On 4/1/21 8:59 PM, Linus Torvalds wrote:
On Thu, Apr 1, 2021 at 11:17 AM Suren Baghdasaryan surenb@google.com wrote:
Thanks Suren for bringing this up!
We received a report that the copy-on-write issue repored by Jann Horn in https://bugs.chromium.org/p/project-zero/issues/detail?id=2045 is still reproducible on 4.14 and 4.19 kernels (the first issue with the reproducer coded in vmsplice.c).
Note that even upstream AFAIK still has the issue unfixed when Jann's reproducer is converted to use THPs, as Andrea has shown in https://lore.kernel.org/linux-mm/X%2FjgLGPgPb+Xms1t@redhat.com/
Gaah.
I confirmed this and also that the issue was not reproducible with 5.10 kernel. I tracked the fix to the following patch introduced in 5.9 which changes the do_wp_page() logic:
09854ba94c6a 'mm: do_wp_page() simplification'
The problem here is that there's a _lot_ more patches than the few you found that fixed various other cases (THP etc).
I backported this patch (#2 in the series) along with 2 prerequisite patches (#1 and #4) that keep the backports clean and two followup fixes to the main patch (#3 and #5). I had to skip the following fix:
feb889fb40fa 'mm: don't put pinned pages into the swap cache'
because it uses page_maybe_dma_pinned() which does not exists in earlier kernels. Because pin_user_pages() does not exist there as well, I *think* we can safely skip this fix on older kernels, but I would appreciate if someone could confirm that claim.
Hmm. I think this means that swap activity can now break the connection to a GUP page (the whole pre-pinning model), but it probably isn't a new problem for 4.9/4.19.
I suspect the test there should be something like
/* Single mapper, more references than us and the map? */ if (page_mapcount(page) == 1 && page_count(page) > 2) goto keep_locked;
in the pre-pinning days.
But I really think that there are a number of other commits you're missing too, because we had a whole series for THP fixes for the same exact issue.
Added Peter Xu to the cc, because he probably tracked those issues better than I did.
Let me shamelessly plug these links for illustrating what kind of minefield we would be going into backporting this. Also for references what not to miss, and what may still become broken afterwards:
https://lwn.net/Articles/849638/ https://lwn.net/Articles/849876/
So NAK on this for now, I think this limited patch-set likely introduces more problems than it fixes.

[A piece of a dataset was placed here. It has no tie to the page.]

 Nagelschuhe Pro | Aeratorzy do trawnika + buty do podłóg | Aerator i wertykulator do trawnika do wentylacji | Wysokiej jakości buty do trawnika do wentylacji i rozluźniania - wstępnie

I personally think there are only two options safe enough for stable backports (so that not more harm is caused than actually prevented).

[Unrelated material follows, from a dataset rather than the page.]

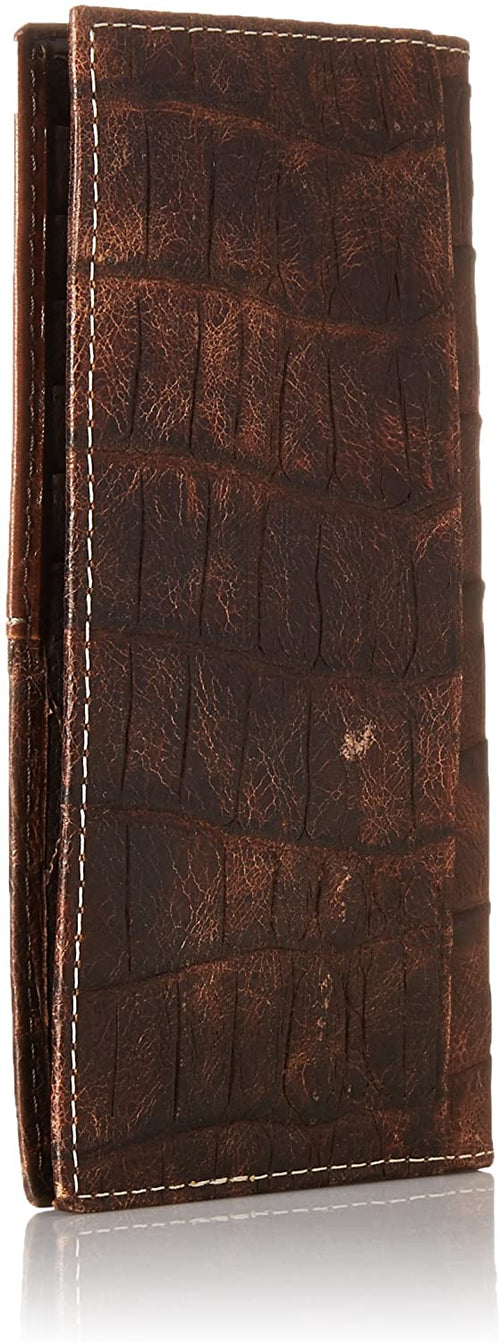 Ariat Mens Caiman Floral Over Circle Leather Rodeo Checkbook Wallet (Brown)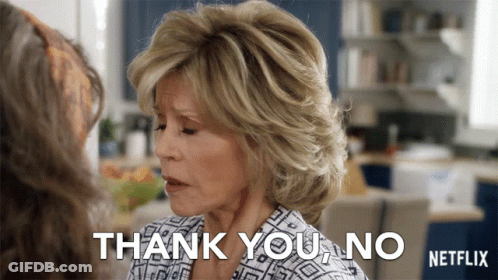 A Woman Says " Thank You No " In A Netflix Ad GIF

1) Ignore the issue (outside of Android at least). The security model of zygote is unusual. Where else a parent of fork() doesn't trust the child, which is the same binary?

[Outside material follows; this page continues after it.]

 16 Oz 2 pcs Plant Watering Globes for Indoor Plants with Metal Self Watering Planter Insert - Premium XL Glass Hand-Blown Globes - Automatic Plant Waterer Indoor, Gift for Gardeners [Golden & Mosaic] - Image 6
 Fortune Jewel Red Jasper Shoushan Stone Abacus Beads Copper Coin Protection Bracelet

BTW, I think the CVE description is very misleading: https://cve.mitre.org/cgi-bin/cvename.cgi?name=CVE-2020-29374
"does not properly consider the semantics of read operations and therefore can grant unintended write access" - the bug was never about an unintended write access, but about an info leak from parent to child, no?
2) For backports go with the original approach of 17839856fd58 ("gup: document and work around "COW can break either way" issue"), thus break COW during the GUP. But only for vmplice() so that nothing else gets broken. I think 5.4 stable (another LTS) actually backported only 17839856fd58 out of everything else, so it should have even the THP case covered, but its userfaultfd() is now probably broken...
Linus